La giornata parlamentare – 22 giugno

La giornata parlamentare – 22 giugno

Via libera ai nuovi presidenti delle Commissioni di Camera e Senato

Com’era immaginabile, Movimento Cinque Stelle e Lega fanno il pieno delle 28 presidenze delle Commissioni di Camera e Senato che, a quasi cento giorni dalle elezioni del 4 marzo, ora sono pienamente operative. Regge, dunque, il patto di maggioranza: il M5S incassa 17 presidenze e la Lega se ne assicura 11; in particolare, il M5S presiede 9 commissioni alla Camera e 5 al Senato, la Lega 5 alla Camera e 6 a palazzo Madama.

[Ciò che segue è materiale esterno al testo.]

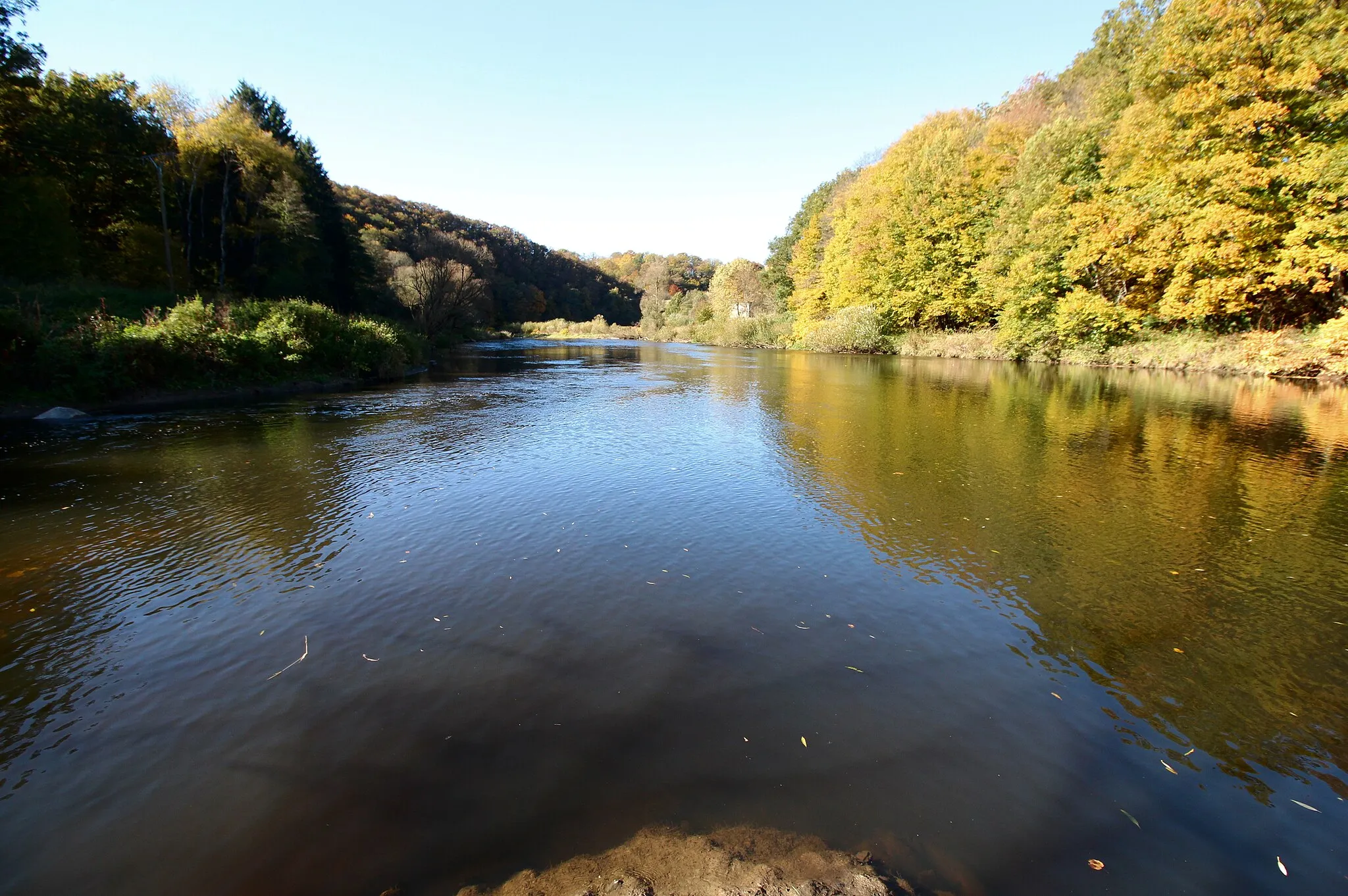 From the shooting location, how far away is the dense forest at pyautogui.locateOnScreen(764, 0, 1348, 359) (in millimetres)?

Le Commissioni Bilancio, strategiche in quanto da esse passano tutti i provvedimenti economici, saranno presiedute da Claudio Borghi (Lega) alla Camera e da Daniele Pesco (M5S) al Senato. Le Commissioni Finanzesaranno invece guidate dal leghista Alberto Bagnai al Senato e dalla pentastellata Carla Ruocco alla Camera. Gianni Girotto (M5S) presiede la Commissione Industria del Senato, mentre l’Attività Produttive della Camera è andata a Barbara Saltamartini (Lega); per quanto riguarda le Commissioni Lavoro la guida è andata ad Andrea Giaccone (Lega) alla Camera e alla M5S Nunzia Catalfo al Senato.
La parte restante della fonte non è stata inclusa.